I have an actor system shown in the following graph.
Master
|
|--Monitor
|
|--Supervisor
|
|--Device #1
|--Device #2
|-- ...
|--Device #N
The Master actor starts the Monitor actor and the Supervisor actor.
The Monitor actor fires a message telling itself to check the device inventory every 30 seconds. For each device that exists in the inventory, it sends a message to the Supervisor actor to register the device.
The Supervisor actor starts the device actor when it receives the message from the Monitor actor to register the device.
The code is available here on github.
Everything works pretty well in a single JVM instance, but when it comes to cluster mode, I start to be confused.
As I expected, with the following configuration, the previous actor tree should run transparently in the cluster machines.
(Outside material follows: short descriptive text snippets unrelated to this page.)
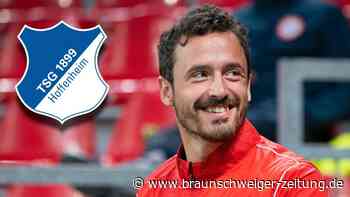 Hoffenheim holt Ex-Dortmunder Delaney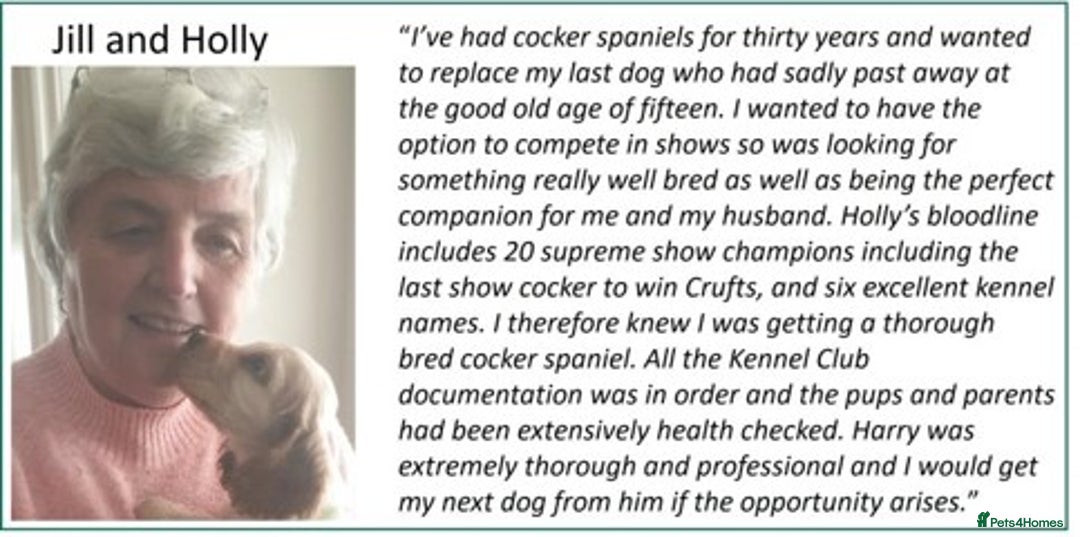 Cocker Spaniel dogs for sale: Stunning Show Cockers-Health Checked,KC Registered - Image 21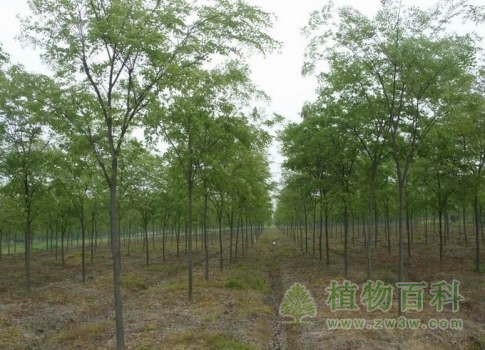 【认识榉树】榉树简介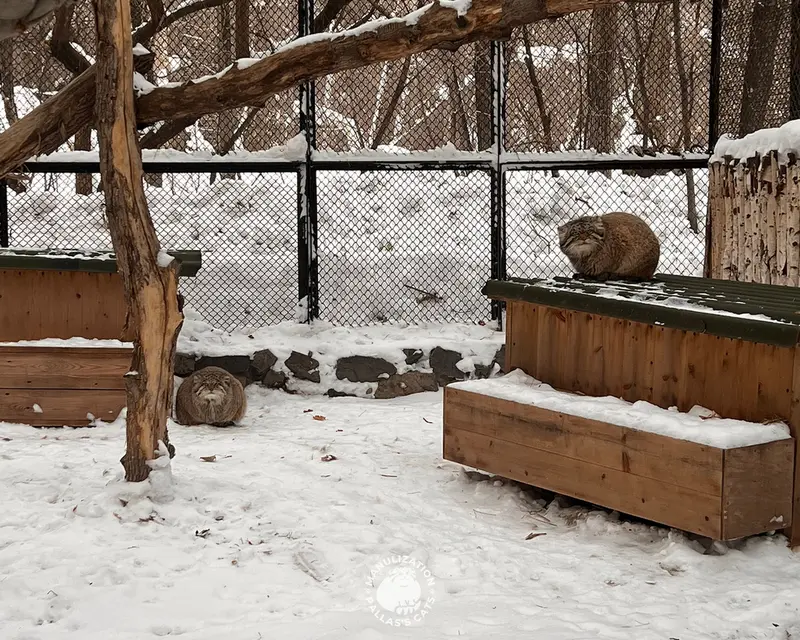 Фотография Мии и Жоры в Новосибирском Зоопарке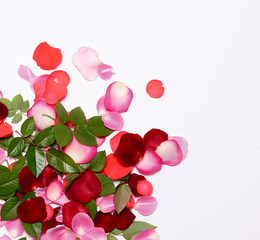 Group of colorful rose petals and leaves on white background - T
All the actors should be created across the cluster, and I should not care on which machine the actors are created.
On instance #1:
akka {
actor {
provider = "cluster"
}
remote {
log-remote-lifecycle-events = off
netty.tcp {
hostname = "127.0.0.1"
port = 2551
}
}
cluster {
seed-nodes = [
"akka.tcp://example@127.0.0.1:2551",
]
}
}
On instance #2:
akka {
actor {
provider = "cluster"
}
remote {
log-remote-lifecycle-events = off
netty.tcp {
hostname = "127.0.0.1"
port = 2552
}
}
cluster {
seed-nodes = [
"akka.tcp://example@127.0.0.1:2551",
]
}
}
What I expected:
Master (On node 1)
|
|--Monitor (On node 2)
|
|--Supervisor (On node 2)
|
|--Device #1 (On node 1)
|--Device #2 (On node 1)
|-- ...
|--Device #N (On node 2)
But, it ends up running two identical actor trees in the cluster: each node runs one actor tree separately as the following graph shows:
Node 1 | Node2
|
Master | Master
| | |
|--Monitor | |--Monitor
| | |
|--Supervisor | |--Supervisor
| | |
|--Device #1 | |--Device #1
|--Device #2 | |--Device #2
|-- ... | |-- ...
|--Device #N | |--Device #N
I also tried to run the Master actor as a singleton actor in the cluster, but it ends up running a single actor tree on the very node on which the Master is started.
So, my question is, how could I create an actor across the cluster by calling context.actorOf(DeviceActor.props(deviceId))
, without carefully designing the actor tree with cluster singleton and cluster sharding?
What you describe is the exact definition of Akka cluster sharding.
Cluster sharding is useful when you need to distribute actors across several nodes in the cluster and want to be able to interact with them using their logical identifier, but without having to care about their physical location in the cluster, which might also change over time.
It's pretty simple to set it up, especially if you already have a cluster. Monitor would be a Cluster Singleton so that there's only one alive on the cluster, and each Device would be an entity identified by the device ID.